▶ **Exercise prompt**
Between the line containing "For example, in" and the line containing "To sort numbers" lies a run of lines; give that run again exactly, with both of those lines, and nothing else from the entries below.

● ● ● ● ● ● ●

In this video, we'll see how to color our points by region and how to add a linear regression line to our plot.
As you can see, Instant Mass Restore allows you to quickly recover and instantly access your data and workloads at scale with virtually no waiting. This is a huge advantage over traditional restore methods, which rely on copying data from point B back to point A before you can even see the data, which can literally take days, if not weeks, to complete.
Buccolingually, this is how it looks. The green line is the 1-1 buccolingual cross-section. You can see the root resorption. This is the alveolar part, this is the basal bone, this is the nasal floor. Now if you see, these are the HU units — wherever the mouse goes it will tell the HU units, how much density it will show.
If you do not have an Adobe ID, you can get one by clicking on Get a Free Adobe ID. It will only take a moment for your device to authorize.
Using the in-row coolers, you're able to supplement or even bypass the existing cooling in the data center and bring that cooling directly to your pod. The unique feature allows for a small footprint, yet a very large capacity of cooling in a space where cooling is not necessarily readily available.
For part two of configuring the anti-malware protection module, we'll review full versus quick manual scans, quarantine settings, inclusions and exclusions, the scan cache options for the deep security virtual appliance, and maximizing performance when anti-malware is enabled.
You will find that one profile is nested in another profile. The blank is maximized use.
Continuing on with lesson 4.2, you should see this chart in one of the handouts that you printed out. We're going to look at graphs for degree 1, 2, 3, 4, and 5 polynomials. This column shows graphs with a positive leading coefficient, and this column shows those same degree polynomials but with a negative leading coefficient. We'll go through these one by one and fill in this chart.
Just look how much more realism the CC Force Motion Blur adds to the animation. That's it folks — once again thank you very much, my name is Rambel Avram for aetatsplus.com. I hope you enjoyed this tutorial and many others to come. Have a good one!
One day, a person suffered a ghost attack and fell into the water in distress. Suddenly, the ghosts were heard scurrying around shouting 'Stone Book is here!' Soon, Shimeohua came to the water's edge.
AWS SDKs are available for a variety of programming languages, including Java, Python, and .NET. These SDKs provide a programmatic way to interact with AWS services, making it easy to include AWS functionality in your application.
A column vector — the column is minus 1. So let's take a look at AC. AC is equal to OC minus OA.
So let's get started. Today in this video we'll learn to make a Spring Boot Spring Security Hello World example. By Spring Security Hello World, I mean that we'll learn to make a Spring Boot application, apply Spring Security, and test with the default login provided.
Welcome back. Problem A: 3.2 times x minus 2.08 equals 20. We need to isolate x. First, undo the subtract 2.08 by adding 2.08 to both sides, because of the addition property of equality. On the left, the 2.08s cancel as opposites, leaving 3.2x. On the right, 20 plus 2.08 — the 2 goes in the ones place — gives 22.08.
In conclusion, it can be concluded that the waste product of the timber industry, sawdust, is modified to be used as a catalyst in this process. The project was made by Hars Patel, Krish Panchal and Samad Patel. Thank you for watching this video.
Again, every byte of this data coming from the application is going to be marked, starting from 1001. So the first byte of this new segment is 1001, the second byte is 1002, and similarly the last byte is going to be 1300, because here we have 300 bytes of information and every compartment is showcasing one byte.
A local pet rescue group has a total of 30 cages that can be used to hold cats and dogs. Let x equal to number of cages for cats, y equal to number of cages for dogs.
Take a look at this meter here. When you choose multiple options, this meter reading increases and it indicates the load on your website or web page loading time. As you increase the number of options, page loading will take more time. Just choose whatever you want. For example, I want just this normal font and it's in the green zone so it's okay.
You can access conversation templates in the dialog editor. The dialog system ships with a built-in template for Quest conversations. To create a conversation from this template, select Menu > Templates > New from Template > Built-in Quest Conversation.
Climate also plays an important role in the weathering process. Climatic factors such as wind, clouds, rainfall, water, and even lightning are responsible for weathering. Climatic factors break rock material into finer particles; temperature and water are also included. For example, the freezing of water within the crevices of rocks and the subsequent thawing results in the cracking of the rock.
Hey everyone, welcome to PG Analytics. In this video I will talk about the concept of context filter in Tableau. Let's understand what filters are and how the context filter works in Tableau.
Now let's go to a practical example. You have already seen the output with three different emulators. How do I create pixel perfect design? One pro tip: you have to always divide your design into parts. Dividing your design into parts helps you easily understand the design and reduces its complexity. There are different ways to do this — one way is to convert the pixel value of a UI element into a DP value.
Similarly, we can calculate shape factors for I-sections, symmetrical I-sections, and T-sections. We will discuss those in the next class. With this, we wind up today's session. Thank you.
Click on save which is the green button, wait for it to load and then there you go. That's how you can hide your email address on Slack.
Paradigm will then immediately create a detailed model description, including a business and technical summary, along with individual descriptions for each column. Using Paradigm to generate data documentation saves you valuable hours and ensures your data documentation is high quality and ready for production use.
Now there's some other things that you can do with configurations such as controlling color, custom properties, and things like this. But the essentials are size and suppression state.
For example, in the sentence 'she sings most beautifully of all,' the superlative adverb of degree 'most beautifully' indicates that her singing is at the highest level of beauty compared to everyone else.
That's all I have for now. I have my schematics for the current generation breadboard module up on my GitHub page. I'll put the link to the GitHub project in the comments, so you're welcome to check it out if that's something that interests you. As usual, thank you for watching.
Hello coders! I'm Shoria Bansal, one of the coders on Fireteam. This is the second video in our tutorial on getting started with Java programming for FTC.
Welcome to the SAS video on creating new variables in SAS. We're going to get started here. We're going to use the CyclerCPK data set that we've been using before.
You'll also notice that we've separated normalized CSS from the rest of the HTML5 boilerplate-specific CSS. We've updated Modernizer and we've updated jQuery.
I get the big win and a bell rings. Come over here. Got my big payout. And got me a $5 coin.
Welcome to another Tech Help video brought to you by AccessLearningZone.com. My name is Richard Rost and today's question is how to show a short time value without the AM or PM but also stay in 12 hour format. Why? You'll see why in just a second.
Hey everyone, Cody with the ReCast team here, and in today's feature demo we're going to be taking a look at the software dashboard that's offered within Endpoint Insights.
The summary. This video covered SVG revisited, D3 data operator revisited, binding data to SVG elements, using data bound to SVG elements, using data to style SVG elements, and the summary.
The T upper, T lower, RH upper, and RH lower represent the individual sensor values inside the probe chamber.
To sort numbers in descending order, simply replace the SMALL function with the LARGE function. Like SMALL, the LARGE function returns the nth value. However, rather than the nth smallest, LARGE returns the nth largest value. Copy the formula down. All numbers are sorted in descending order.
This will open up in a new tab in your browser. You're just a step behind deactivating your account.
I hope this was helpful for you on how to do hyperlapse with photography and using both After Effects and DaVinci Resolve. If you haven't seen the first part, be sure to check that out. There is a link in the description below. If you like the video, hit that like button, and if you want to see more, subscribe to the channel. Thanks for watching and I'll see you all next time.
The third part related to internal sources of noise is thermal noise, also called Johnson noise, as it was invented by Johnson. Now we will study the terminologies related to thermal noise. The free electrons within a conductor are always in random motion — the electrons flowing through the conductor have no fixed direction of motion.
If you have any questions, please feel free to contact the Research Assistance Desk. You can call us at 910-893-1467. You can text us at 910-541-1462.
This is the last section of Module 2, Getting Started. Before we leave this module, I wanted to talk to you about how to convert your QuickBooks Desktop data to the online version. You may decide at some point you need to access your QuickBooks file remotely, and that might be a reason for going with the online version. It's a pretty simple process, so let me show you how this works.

● ● ● ● ● ● ●

▶ **Solution**
For example, in the sentence 'she sings most beautifully of all,' the superlative adverb of degree 'most beautifully' indicates that her singing is at the highest level of beauty compared to everyone else.
That's all I have for now. I have my schematics for the current generation breadboard module up on my GitHub page. I'll put the link to the GitHub project in the comments, so you're welcome to check it out if that's something that interests you. As usual, thank you for watching.
Hello coders! I'm Shoria Bansal, one of the coders on Fireteam. This is the second video in our tutorial on getting started with Java programming for FTC.
Welcome to the SAS video on creating new variables in SAS. We're going to get started here. We're going to use the CyclerCPK data set that we've been using before.
You'll also notice that we've separated normalized CSS from the rest of the HTML5 boilerplate-specific CSS. We've updated Modernizer and we've updated jQuery.
I get the big win and a bell rings. Come over here. Got my big payout. And got me a $5 coin.
Welcome to another Tech Help video brought to you by AccessLearningZone.com. My name is Richard Rost and today's question is how to show a short time value without the AM or PM but also stay in 12 hour format. Why? You'll see why in just a second.
Hey everyone, Cody with the ReCast team here, and in today's feature demo we're going to be taking a look at the software dashboard that's offered within Endpoint Insights.
The summary. This video covered SVG revisited, D3 data operator revisited, binding data to SVG elements, using data bound to SVG elements, using data to style SVG elements, and the summary.
The T upper, T lower, RH upper, and RH lower represent the individual sensor values inside the probe chamber.
To sort numbers in descending order, simply replace the SMALL function with the LARGE function. Like SMALL, the LARGE function returns the nth value. However, rather than the nth smallest, LARGE returns the nth largest value. Copy the formula down. All numbers are sorted in descending order.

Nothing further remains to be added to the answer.